Redo The Evolution
by Jay Santiago
X-Men: First Class (2011)
D: Matthew Vaughn
S: Michael Fassbender, James McAvoy, Kevin Bacon, Jennifer Lawrence
If there’s anything that I’ve learned since the X-Men’s initial onscreen incarnation by Bryan Singer in 2000, it’s that lowered expectations are the best thing you can arm yourself with when faced with a movie based on your favourite mutant adventurers. Okay, loosely based. After all, it’s hard work abbreviating extensively complex character histories that span decades’ worth of comic books in just 131 minutes, but in X-Men: First Class, director Matthew Vaughn makes a commendable and altogether watchable effort.

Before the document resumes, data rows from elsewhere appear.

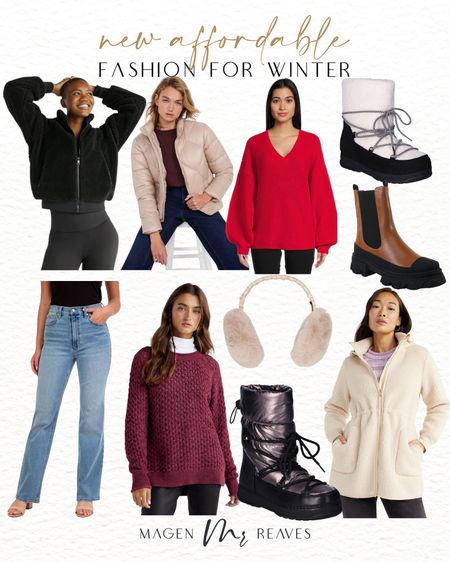 Affordable fashion finds for winter!!!

#LTKSeasonal #LTKHoliday #LTKGiftGuide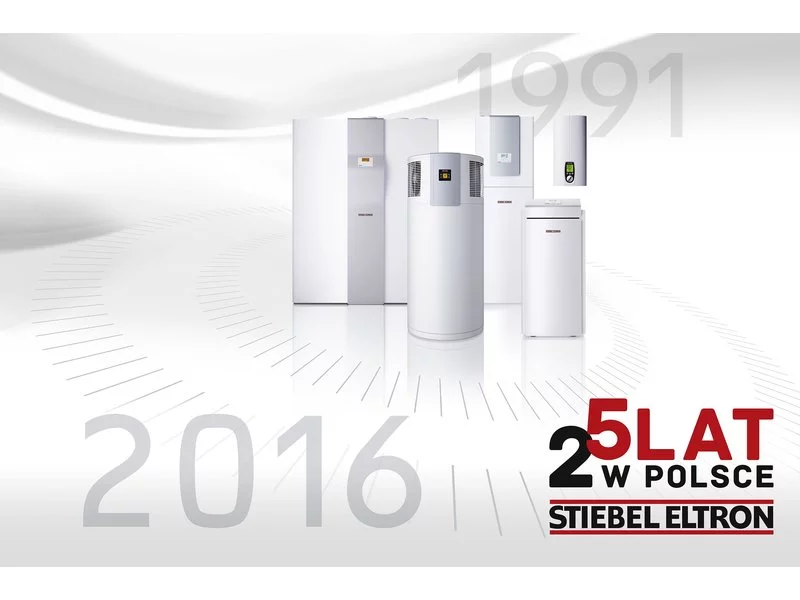 25 lat firmy STIEBEL ELTRON w Polsce! zdjęcie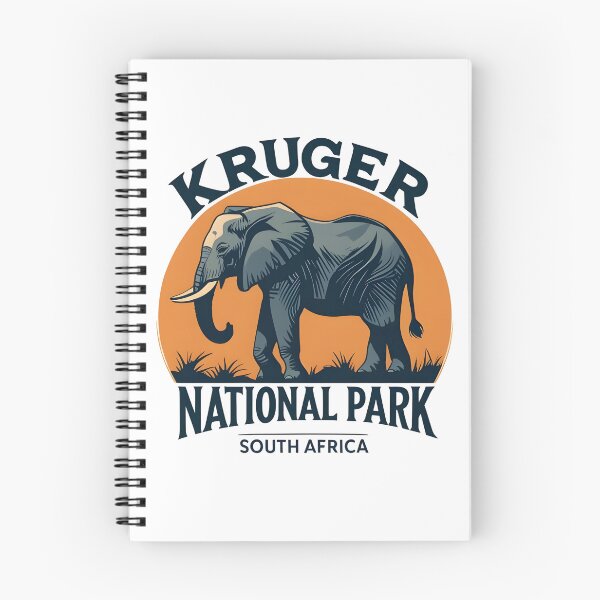 Item preview, Kruger National Park - South Africa  designed and sold by GoodOldVintage.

For months prior to its release, scores of fans (including myself) were rabidly dissecting every single shred of data about the film that leaked online, and with good reason. After 2003’s phenomenally executed X2: X-Men United raised the bar for comic book movies up to that point, the franchise took a tragic nosedive with the bloated, soulless X-Men: The Last Stand and the equally abysmal X-Men Origins: Wolverine. If I had telepathic powers that equalled Professor X’s, I would wipe both those movies from everyone’s collective memory just so they can enjoy this “preboot” and its fresh, invigorating spin on things. Or maybe I would’ve just convinced Vaughn to take the reins for the third X-outing as was originally planned.
In any case, prior to this current mutant flick, Vaughn had already proven that he was capable of entertaining, effects-laden adventures based on treasured fantasy fare with films like Stardust and Kick-Ass allowing him to showcase a wry sense of humour that helped mark both films with a distinct sort of appeal. His big budget visions never seemed to take themselves too seriously, so you never felt like you, as a moviegoer, had to either. The same can be said about his Kennedy-era coming-of-age tale centred on the genesis of the deep friendship between Charles Xavier (James McAvoy) and Erik Lehnsherr (Michael Fassbender). We’re all aware that this kinship would eventually become one of the most intense schisms in comic book mythology, but here, the two share a common enemy in mutant megalomaniac Sebastian Shaw (the effectively menacing Kevin Bacon), whose own motley crew of super-powered misfits give CIA operative Moira MacTaggert (Rose Byrne) license to enlist Xavier and Lehnsherr’s assistance in assembling a mutant team of their own. The collective power of Shaw’s more experienced operatives provide the fledgling recruits (and the world’s superpowers) ample reason to tremble but ultimately, catalyze them to take up arms and discover what they’re capable of.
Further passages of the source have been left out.